### WHAT TO DO
Please output exactly the lines from the one that holds "Image 20 of 35 For 3040 Knowles Boulevard" through the final line of the data, and nothing else; leave out any pictures.

### STORED DATA
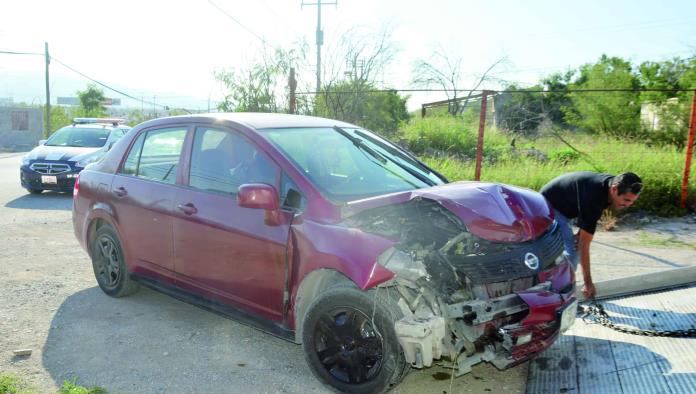 Provoca choque y abandona su auto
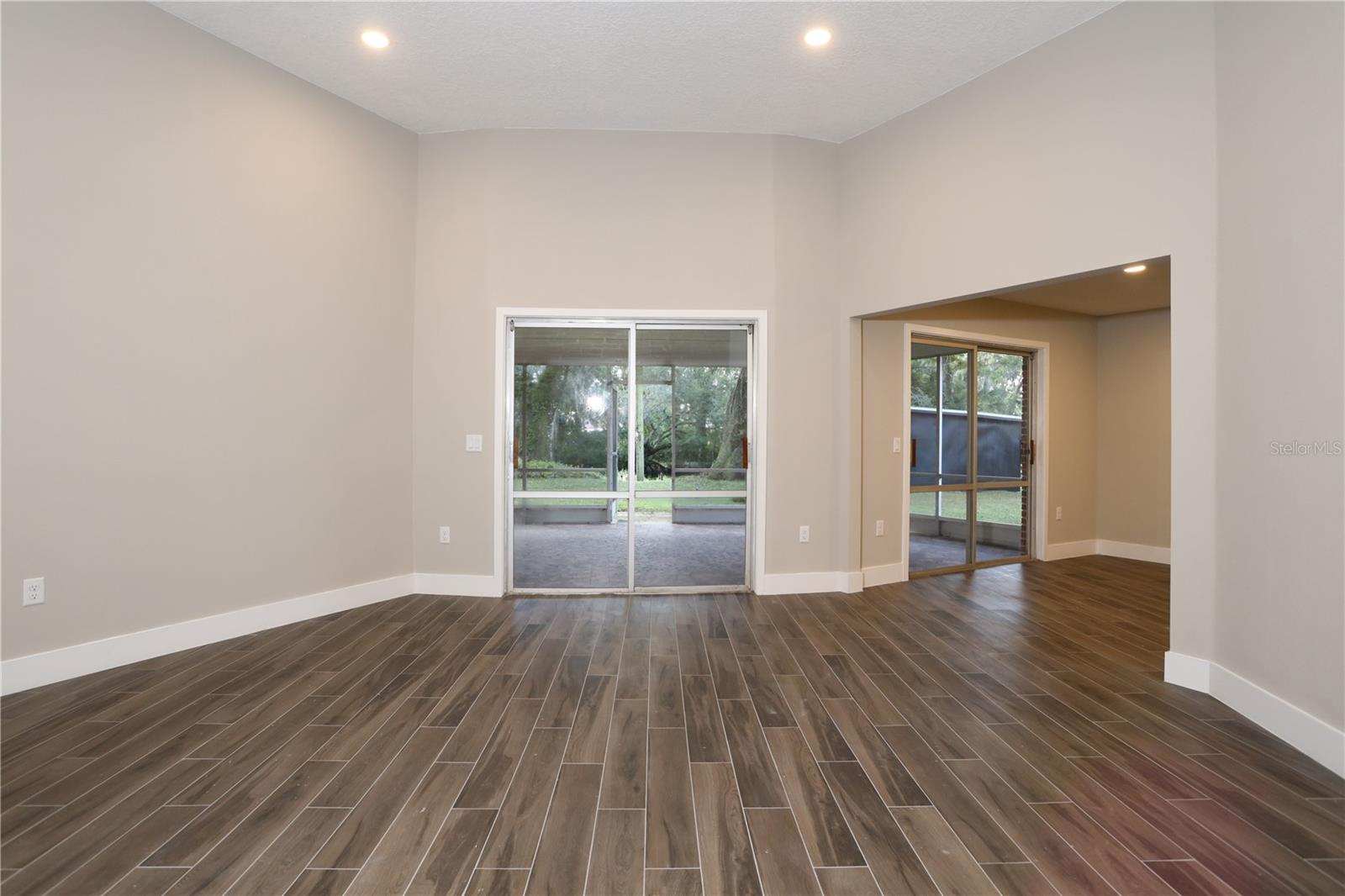 Image 20 of 35 For 3040 Knowles Boulevard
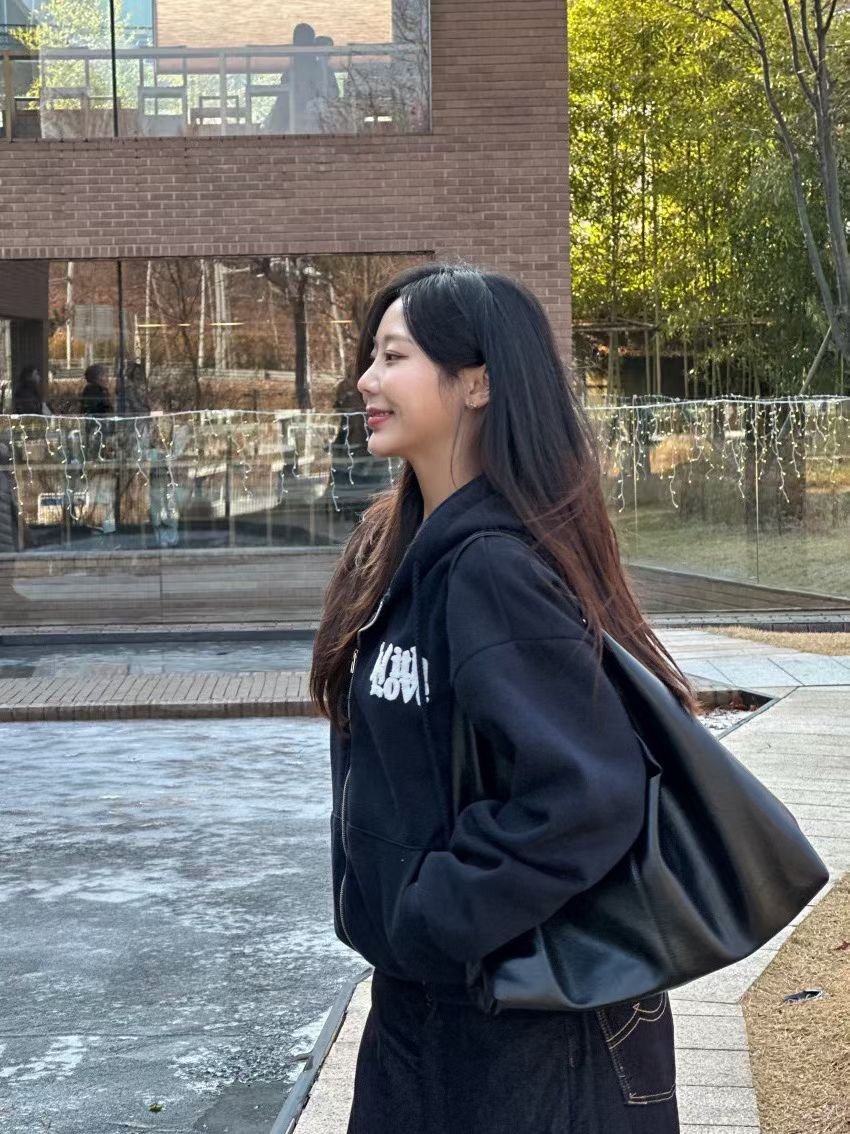 [Preorder 1st Drop Price] C2702 With Love Hoodie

### RESULT OF THE TASK
 Image 20 of 35 For 3040 Knowles Boulevard
 [Preorder 1st Drop Price] C2702 With Love Hoodie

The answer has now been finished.